China’s 13th Five Year Plan states that the Chinese Government will pursue stronger fiscal and taxation system reforms and establish a modern fiscal and taxation system that facilitates the transformation of economic development. The Plan focuses on forming a unified national market that promotes social justice and establishes a tax system with an optimal structure, fairer legislation and regulations, and effective tax administration. Further, the Plan aims to advance the initiative to balance the distribution of revenue between the central and local governments.

Being one of the most important fiscal levers available to the government, the tax reforms outlined in the Plan play a crucial role in China’s overall economic development. The Government’s development goal for sustainability and the initiative to reduce the Government’s role in economic administration coincides with the current supply-side structural reforms. The following highlights some of the key changes that are anticipated to occur in the coming years.

Adopting the modern VAT system

The Business Tax to Value Added Tax Pilot Reform (the VAT Reform) is an important tax reduction measure that will boost China’s economy. The VAT Reform measures will commence on 1 May 2016 with the extension of the VAT Reform to the remaining four industries: construction, real estate, financial services and consumer services. The last chapter of the VAT Reform marks the end of Business Tax in China.[1] Although the tax rates for different industries range between 6% and 17% (which is higher than the comparable Business Tax rate as it takes into account allowances under the credit system of the VAT regime), the tax reduction under the VAT reform is expected to reach hundreds of billions of dollars according to the Government’s estimation.
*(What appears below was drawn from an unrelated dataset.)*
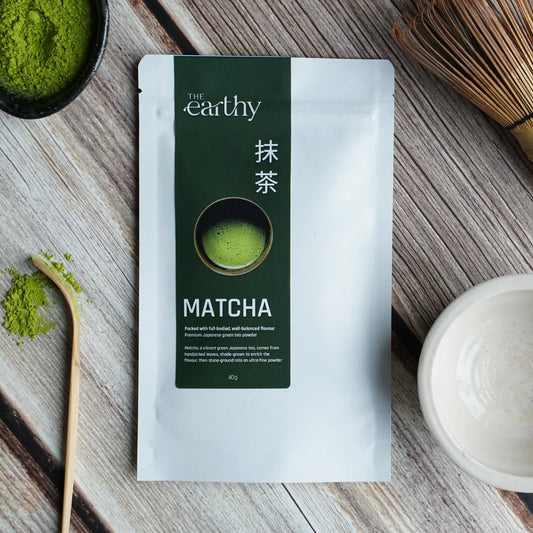 The Earthy Matcha Powder 40g in a white pouch with green detailing.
The main characteristic of Business Tax is that it is a tax on the full transaction value. Consequently, the more transactions that are carried out, the more that double taxation occurs. The main purpose of the VAT Reform is to unify the different tax systems between the manufacturing and services industries to allow for more tax efficient transactions. Although some VAT costs in the supply chain will not be creditable under the VAT Reform plan (for example, VAT relating to interest expense is not creditable), the last chapter of the VAT Reform now allows most industries to claim VAT input credits for costs incurred while being subject to VAT on their business income (previously, the VAT Reform did not adopt a ‘complete’ VAT credit system for all industries). This will reduce double taxation throughout the vast majority of supply chains, leading to lower overall transaction costs for businesses.
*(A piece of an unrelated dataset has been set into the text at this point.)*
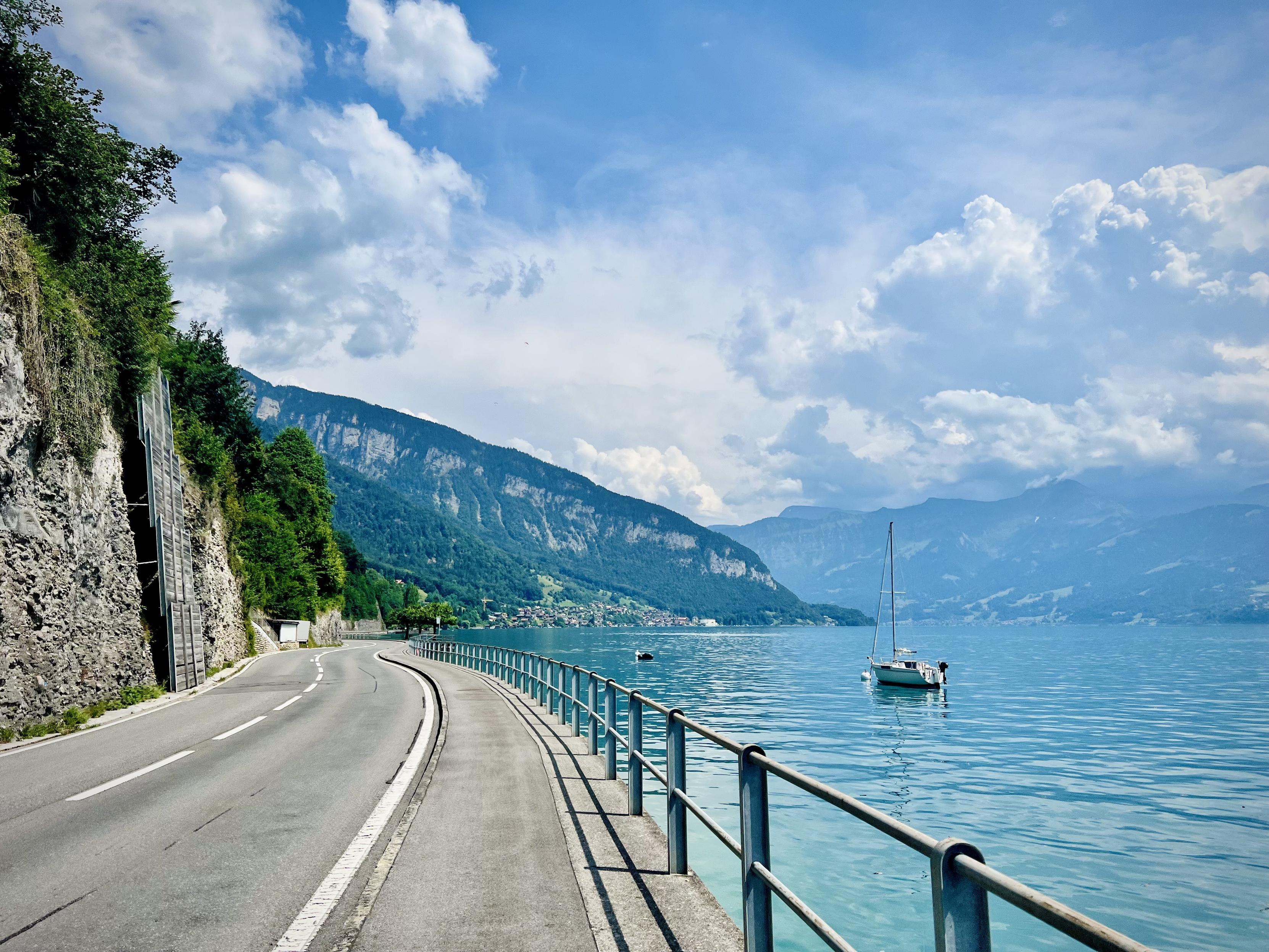 A paved two-lane road and adjacent bicycle path curve along a turquoise lake, bordered by a steep rocky cliff on the left and a metal railing on the right. A single small white sailboat floats in the calm water, with steep, forested mountains rising in the background beneath a bright blue sky filled with dramatic white clouds.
Improving the individual income tax system with better tax administration

The Plan also proposes individual income tax reforms (IIT Reforms), which have been submitted to the State Council for review. The IIT Reforms constitute a comprehensive plan covering proposed changes to the current individual income tax (IIT) system. There have been discussions that the IIT Reforms may include a proposal to adopt an IIT system that allows for deductions of certain costs under a comprehensive categorised tax scheme for certain income. The new system would operate alongside revisions to the Tax Administration Law that improve the tax administration regime for high income individuals, with the purpose of balancing social wealth distribution and ensuring sustainable economic growth.

Implementing Real Estate Tax

There has been a fierce debate over the past five or so years on whether or not there is a solid ground to enact and implement a Real Estate Tax. Although no details of any Real Estate Tax are provided in the Plan, it does allude to the inevitable introduction of some form of Real Estate Tax.

The Chinese economy had been largely reliant on the development of the real estate market. Whilst it brought great opportunities to the economy, there are also potential risks associated with a real estate bubble. Further, following the VAT reform, local Governments are aware of the need to identify a steady tax revenue stream to replace the loss of tax revenues resulting from the elimination of Business Tax revenues, which had been a very important source of local tax revenues in the past. Accordingly, the adoption of a Real Estate Tax is likely to be part of the solution to further balance the revenue distribution between the central and local Governments.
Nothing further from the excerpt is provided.